**Work order:**
Begin your copy at the line with "هتل Al Muteb Suites Al Tawon" in the records below and end it at the line with "Used 2023 Chevrolet", restating each line word for word; omit the pictures.

**Supplied entries:**
============
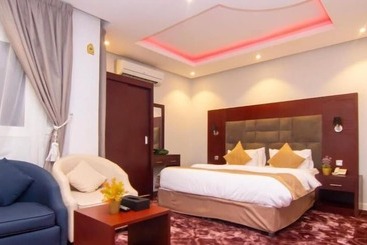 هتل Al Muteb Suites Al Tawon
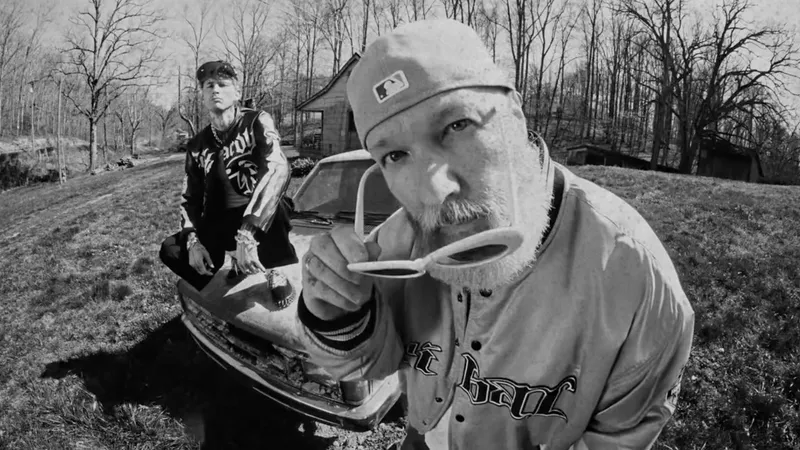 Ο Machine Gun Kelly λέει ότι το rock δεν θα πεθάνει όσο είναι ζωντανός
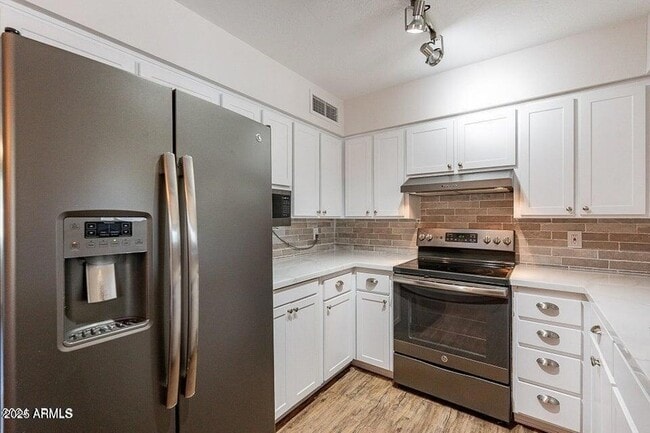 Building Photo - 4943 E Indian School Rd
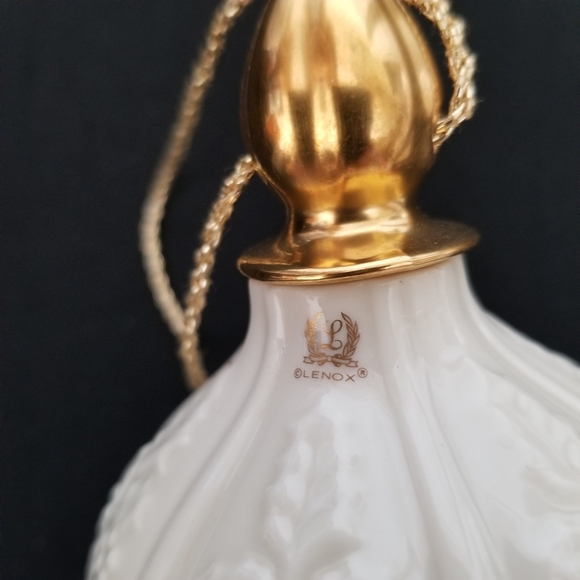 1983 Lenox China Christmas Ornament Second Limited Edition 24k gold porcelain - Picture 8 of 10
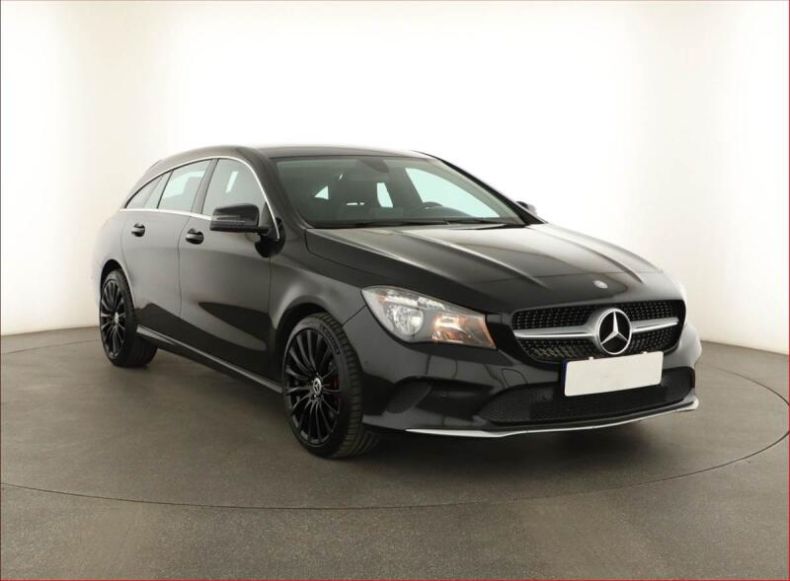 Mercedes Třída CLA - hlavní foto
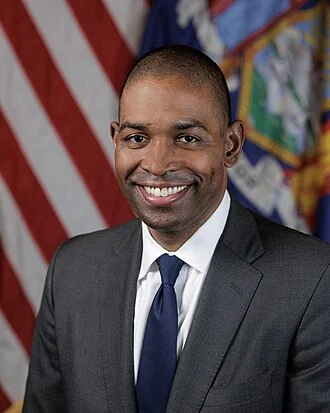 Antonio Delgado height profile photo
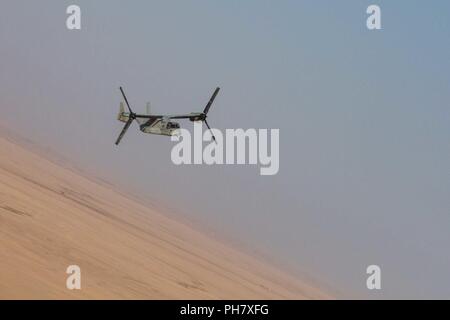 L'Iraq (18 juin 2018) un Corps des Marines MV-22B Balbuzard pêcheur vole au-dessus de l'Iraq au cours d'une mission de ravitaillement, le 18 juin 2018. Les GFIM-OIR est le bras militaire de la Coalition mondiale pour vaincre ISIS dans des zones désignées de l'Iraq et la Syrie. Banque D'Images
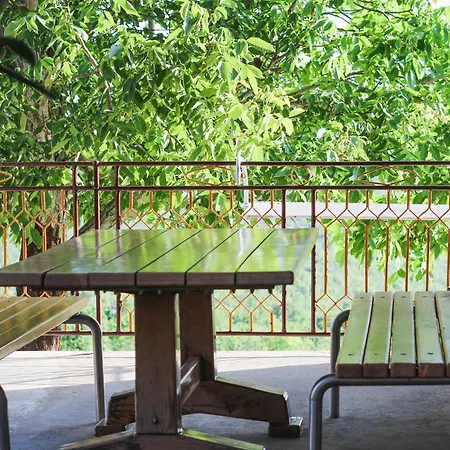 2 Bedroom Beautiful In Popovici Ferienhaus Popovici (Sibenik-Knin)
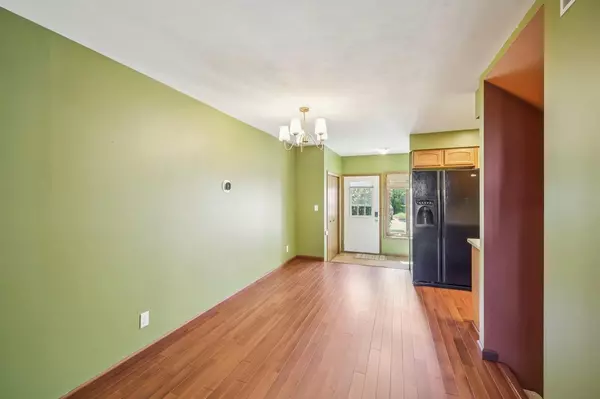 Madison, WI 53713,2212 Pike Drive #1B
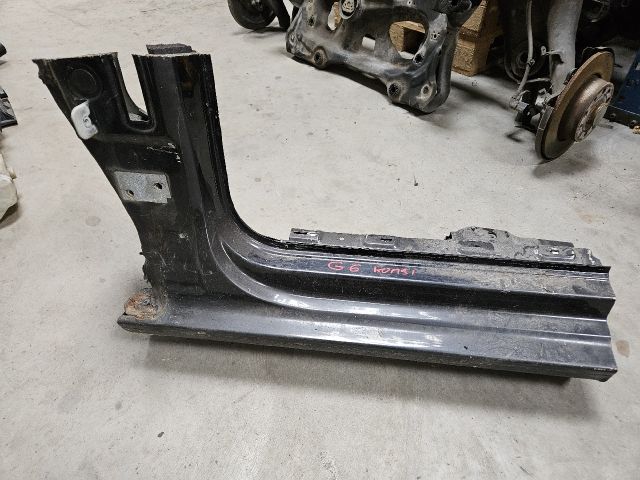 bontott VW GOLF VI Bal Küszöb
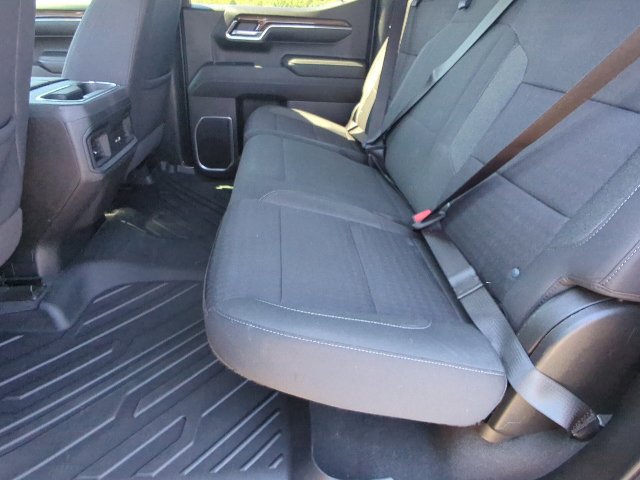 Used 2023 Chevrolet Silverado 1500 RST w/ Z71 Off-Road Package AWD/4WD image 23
============
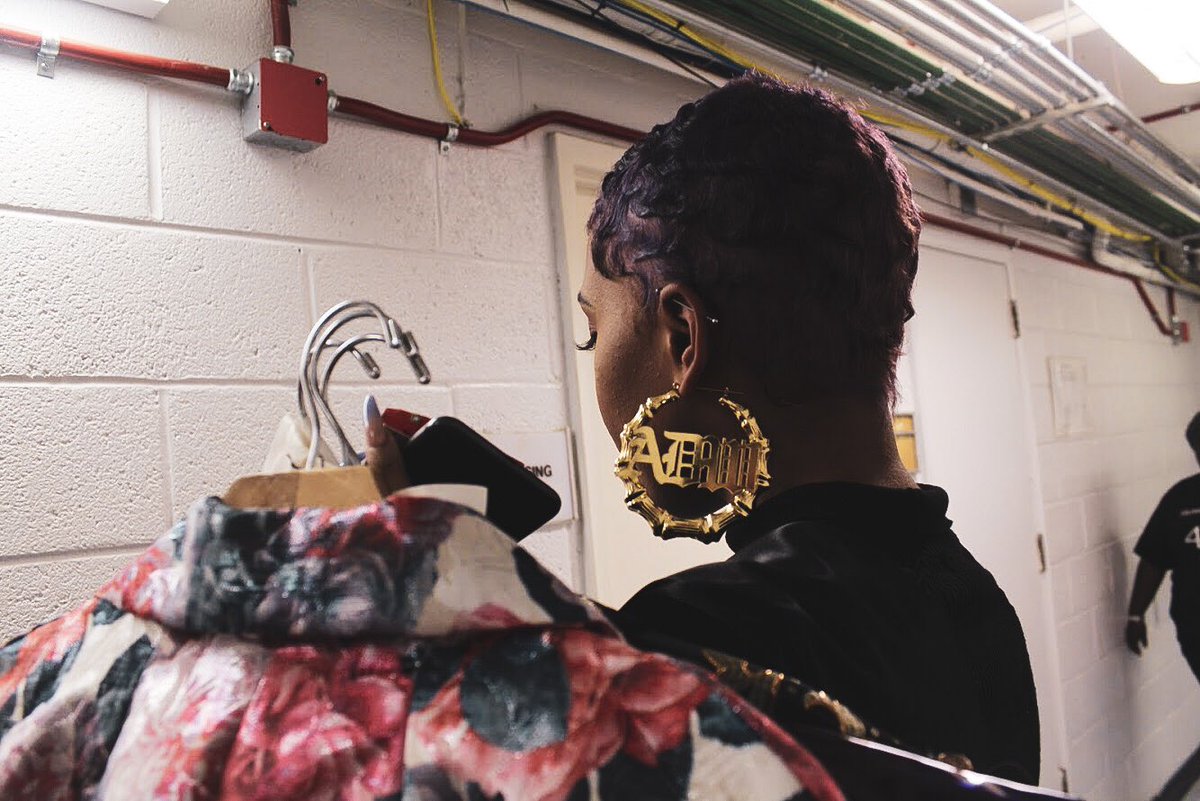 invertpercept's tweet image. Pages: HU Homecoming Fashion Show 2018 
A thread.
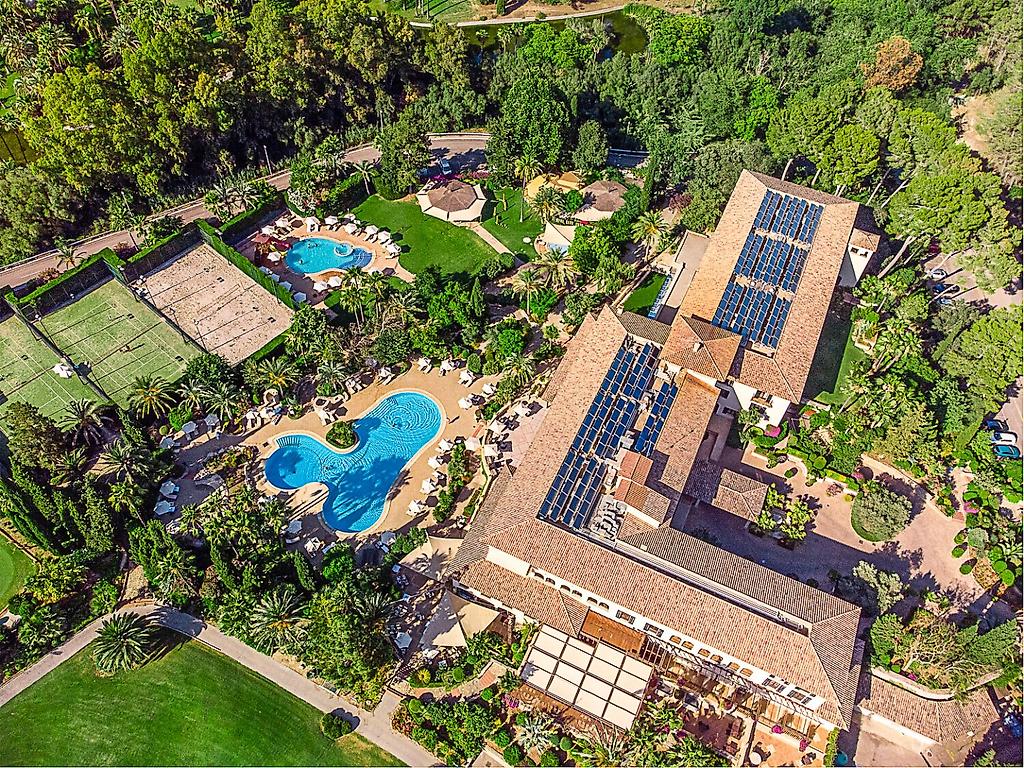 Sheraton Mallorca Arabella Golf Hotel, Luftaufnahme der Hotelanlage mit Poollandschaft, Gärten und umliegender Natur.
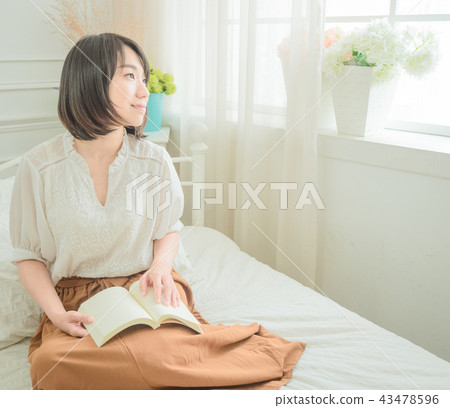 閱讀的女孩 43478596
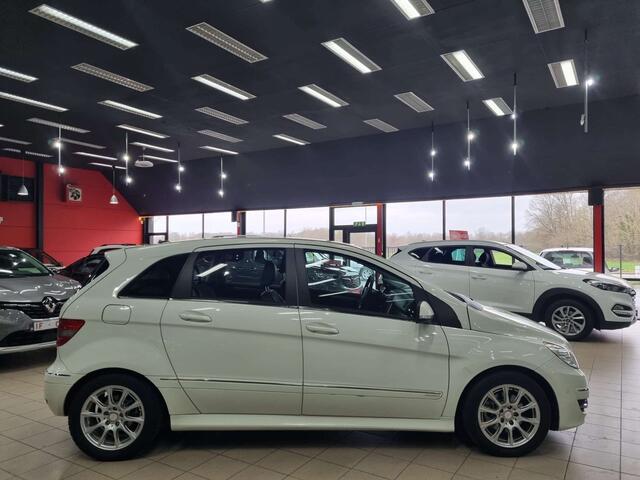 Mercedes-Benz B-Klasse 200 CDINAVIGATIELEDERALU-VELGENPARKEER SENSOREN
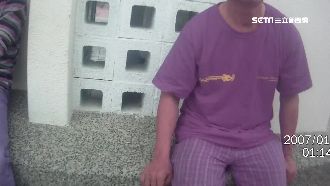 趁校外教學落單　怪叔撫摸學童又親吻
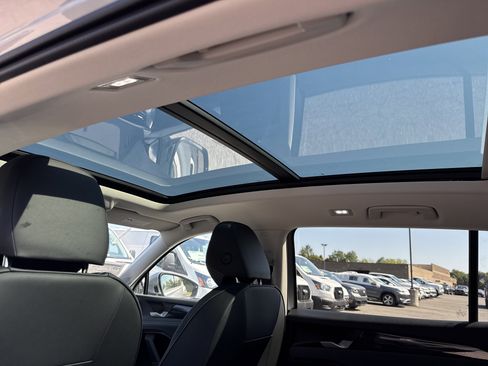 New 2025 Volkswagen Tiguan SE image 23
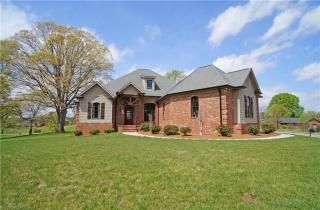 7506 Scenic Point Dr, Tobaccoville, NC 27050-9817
============
**Solution to this exercise:**
 هتل Al Muteb Suites Al Tawon
 Ο Machine Gun Kelly λέει ότι το rock δεν θα πεθάνει όσο είναι ζωντανός
 Building Photo - 4943 E Indian School Rd
 1983 Lenox China Christmas Ornament Second Limited Edition 24k gold porcelain - Picture 8 of 10
 Mercedes Třída CLA - hlavní foto
 Antonio Delgado height profile photo
 L'Iraq (18 juin 2018) un Corps des Marines MV-22B Balbuzard pêcheur vole au-dessus de l'Iraq au cours d'une mission de ravitaillement, le 18 juin 2018. Les GFIM-OIR est le bras militaire de la Coalition mondiale pour vaincre ISIS dans des zones désignées de l'Iraq et la Syrie. Banque D'Images
 2 Bedroom Beautiful In Popovici Ferienhaus Popovici (Sibenik-Knin)
 Madison, WI 53713,2212 Pike Drive #1B
 bontott VW GOLF VI Bal Küszöb
 Used 2023 Chevrolet Silverado 1500 RST w/ Z71 Off-Road Package AWD/4WD image 23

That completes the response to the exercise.